Due considerazioni. La prima riguarda il conflitto tra diritti fondamentali, quello all’ambiente salubre - e dunque alla salute - e quello al lavoro. È inevitabile che in un contesto democratico i diritti siano spesso in concorrenza tra di loro; ma è possibile stabilire una corretta gerarchia di valori e dunque di diritti? Prevale il diritto al lavoro o quello a un ambiente salubre? I molteplici decreti a salvataggio dell’attività siderurgica sembrano mostrare che talvolta il primato della protezione della salute umana sia subordinato a quello della libertà d’impresa e del mercato.
La seconda considerazione ci porta al principio “Chi inquina paga”, cardine della politica ambientale europea e italiana, in base al quale chi è all’origine di fenomeni di inquinamento o, in senso più ampio, di danni causati all’ambiente, deve farsi carico dei costi necessari a riparare l’inquinamento o il danno.

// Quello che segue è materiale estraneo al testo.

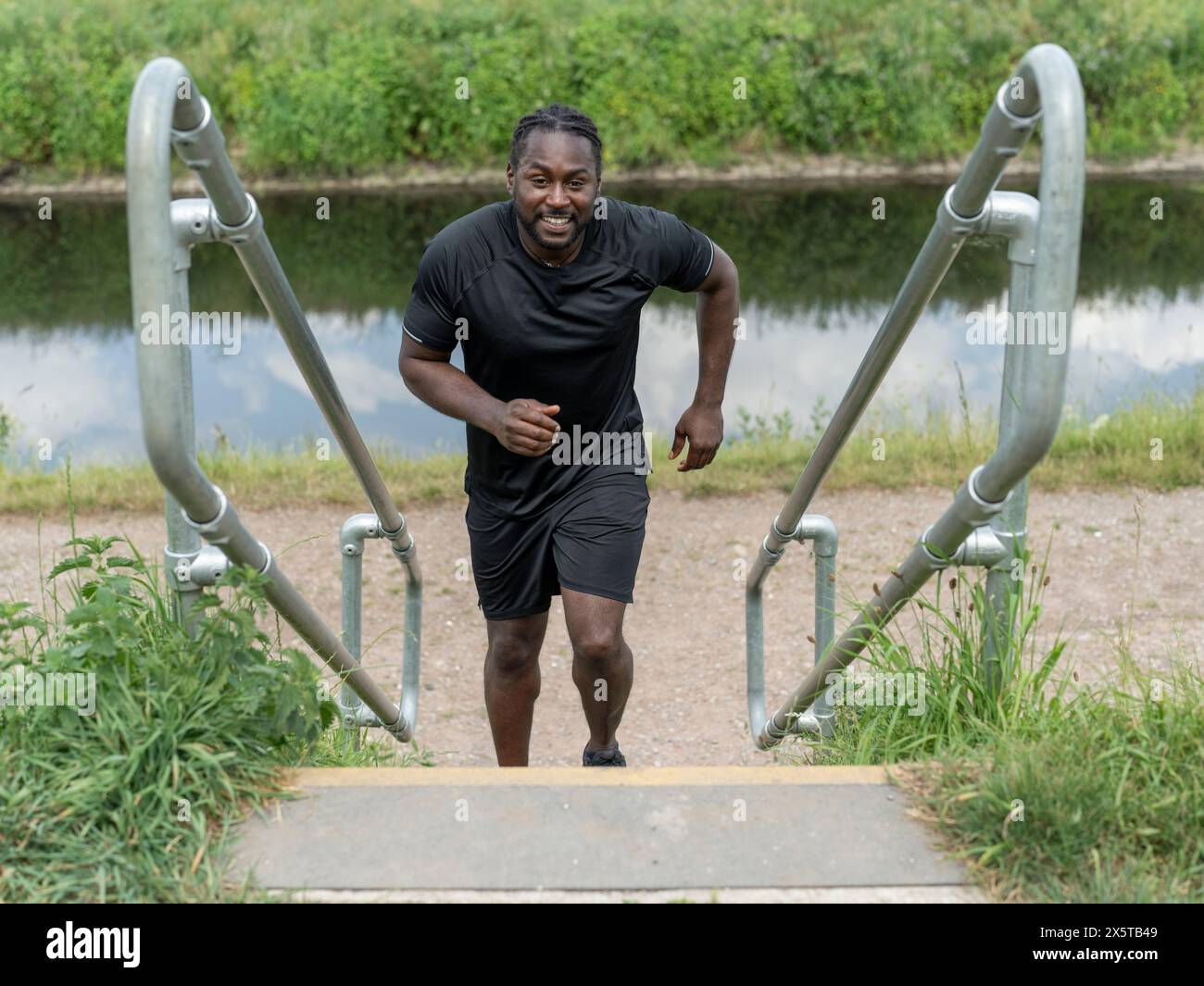 Black man running up stairs hi-res stock photography and images - Alamy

Siamo oltre la stretta vicenda di cronaca, ma forse non dobbiamo dimenticare che ci troviamo di fronte non a due crisi separate, ambientale e sociale, bensì a una sola e complessa crisi socio-ambientale (cfr Laudato Si’, n. 139). Che sia questo il momento favorevole per includere la giustizia nel rispetto dei diritti e nella messa in pratica del principio “chi inquina paga”? Troppo spesso chi non inquina paga più degli altri, ma una svolta etica nell’affrontare la crisi socio-ambientale ha bisogno di un orizzonte in cui ai poveri venga data un’importanza strategica, per evitare di continuare ad alimentare una società degli scarti.